## What you should do
Reproduce the lines below exactly. Skip images.

[Given records — start]

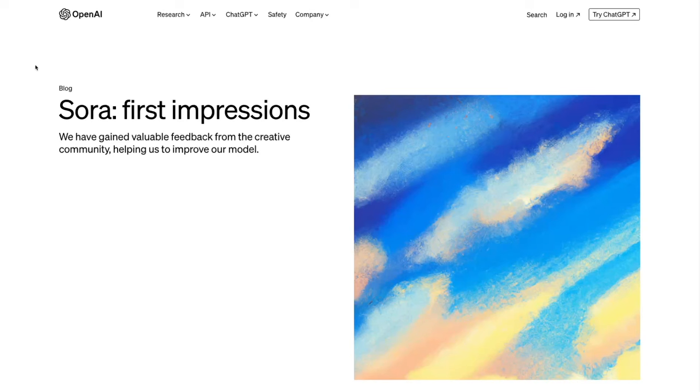Sora is not yet available to the public, so you're unable to download it and give it a go. However, what OpenAI has done is started to release it to some directors and creators to give it a try and see what results they can produce. OpenAI has put up a post on their blog called 'Sora First Impressions,' where they gained valuable feedback from the creative community to help improve the model.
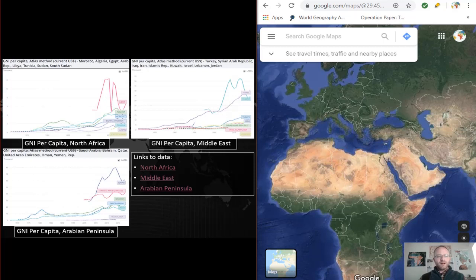Welcome back. If you remember from our last video, we discussed the physical, environmental, and historical geographies of Middle East North Africa. Today we will discuss the economic, social, and political geographies of MENA.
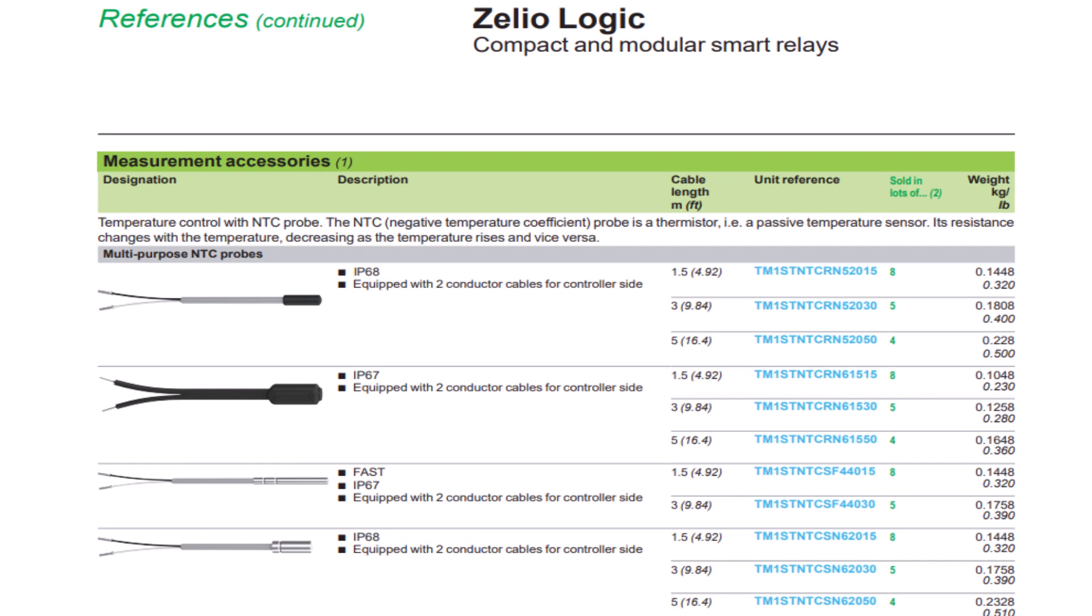An NTC is a negative temperature coefficient device. The NTC or negative temperature coefficient probe is a thermistor in that it is a passive temperature sensor. Its resistance changes with the temperature, decreasing as the temperature rises and vice versa. That's the unit that we will connect and program and set up.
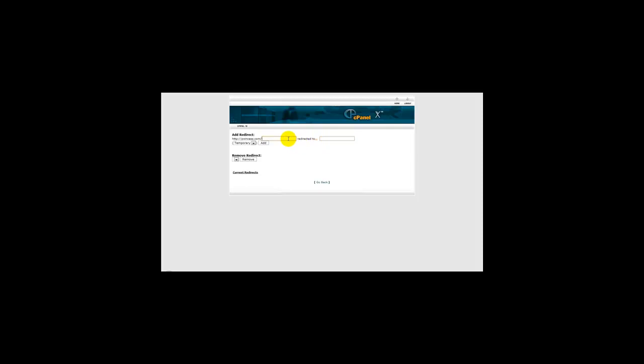Let's say I want to redirect my domain name to YouTube. What I'll do is on this box here, I'll type in http://www.youtube.com and then I will click the add button which is located here.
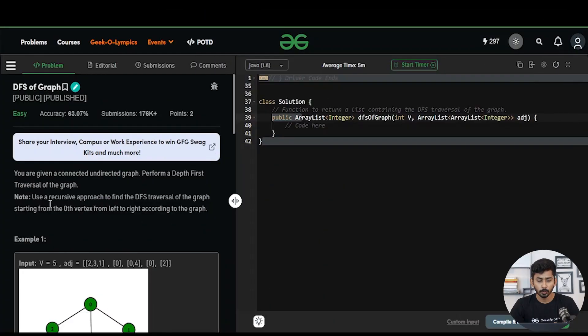Hello and welcome everyone. In this video we'll be discussing the solution for the question 'DFS of the Graph'. This is a very standard algorithm for graphs, so let's quickly go through the problem statement. You will be given a connected undirected graph and you have to perform DFS on the graph.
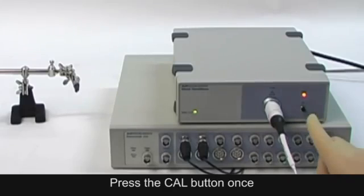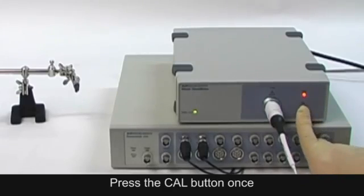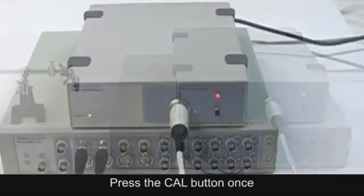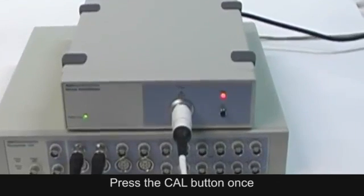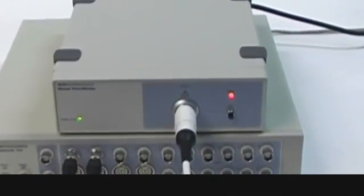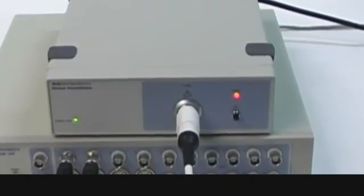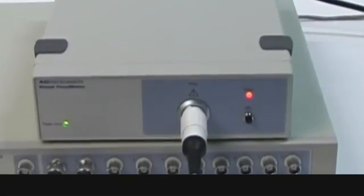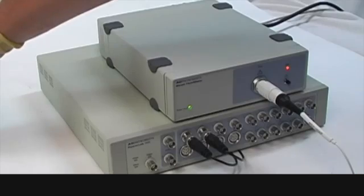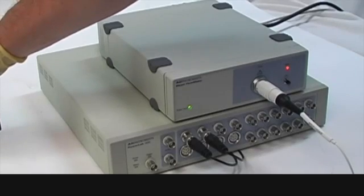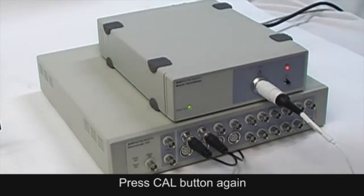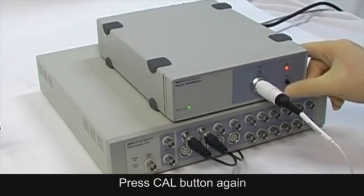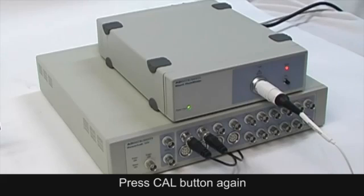While the sensor is immersed in the calibration solution, press the CAL button once. A single beep is emitted, followed by a series of double beeps that continue for approximately 10 seconds. During this 10 second period, press the CAL button again.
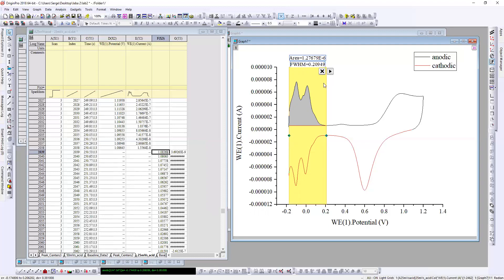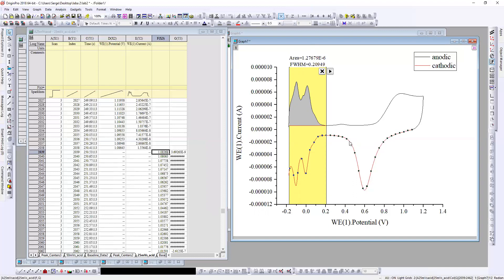Much better. Okay, now I have this value, it's good. And for anodic I do the same procedure. I choose this line.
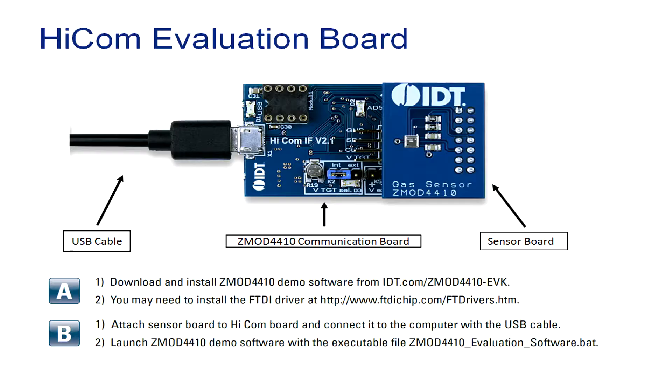These sensors provide a reliable indication of air quality in homes, schools, offices, and other indoor environments. Each evaluation kit consists of four different elements: the gas sensor board, a communication board, a USB cable, and a quick start guide.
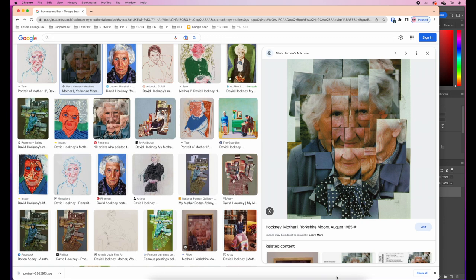Welcome to today's tutorial. We're going to be looking at making a cubist style image inspired by the artist David Hockney. Here we have a picture of his mother — he did this by taking lots of photos and pulling them together, which he called photo joiners.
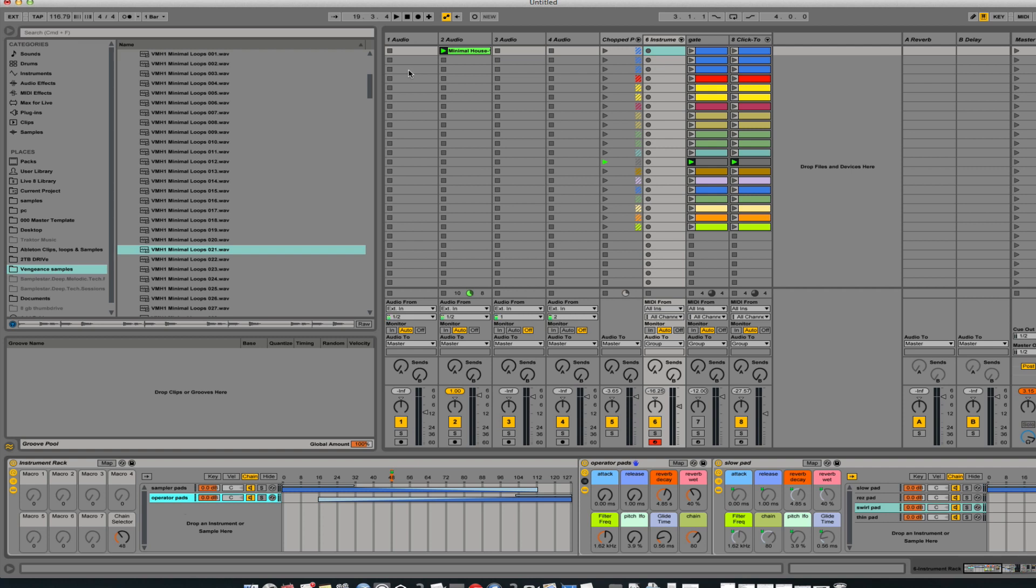So if this instrument interests you, just go ahead and there's a link below the video or wherever you're seeing there should be a link that you can check it out. There you have it. I hope you like this cool little instrument.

[Given records — finish]

## Expected answer
Sora is not yet available to the public, so you're unable to download it and give it a go. However, what OpenAI has done is started to release it to some directors and creators to give it a try and see what results they can produce. OpenAI has put up a post on their blog called 'Sora First Impressions,' where they gained valuable feedback from the creative community to help improve the model.
Welcome back. If you remember from our last video, we discussed the physical, environmental, and historical geographies of Middle East North Africa. Today we will discuss the economic, social, and political geographies of MENA.
An NTC is a negative temperature coefficient device. The NTC or negative temperature coefficient probe is a thermistor in that it is a passive temperature sensor. Its resistance changes with the temperature, decreasing as the temperature rises and vice versa. That's the unit that we will connect and program and set up.
Let's say I want to redirect my domain name to YouTube. What I'll do is on this box here, I'll type in http://www.youtube.com and then I will click the add button which is located here.
Hello and welcome everyone. In this video we'll be discussing the solution for the question 'DFS of the Graph'. This is a very standard algorithm for graphs, so let's quickly go through the problem statement. You will be given a connected undirected graph and you have to perform DFS on the graph.
While the sensor is immersed in the calibration solution, press the CAL button once. A single beep is emitted, followed by a series of double beeps that continue for approximately 10 seconds. During this 10 second period, press the CAL button again.
Much better. Okay, now I have this value, it's good. And for anodic I do the same procedure. I choose this line.
These sensors provide a reliable indication of air quality in homes, schools, offices, and other indoor environments. Each evaluation kit consists of four different elements: the gas sensor board, a communication board, a USB cable, and a quick start guide.
Welcome to today's tutorial. We're going to be looking at making a cubist style image inspired by the artist David Hockney. Here we have a picture of his mother — he did this by taking lots of photos and pulling them together, which he called photo joiners.
So if this instrument interests you, just go ahead and there's a link below the video or wherever you're seeing there should be a link that you can check it out. There you have it. I hope you like this cool little instrument.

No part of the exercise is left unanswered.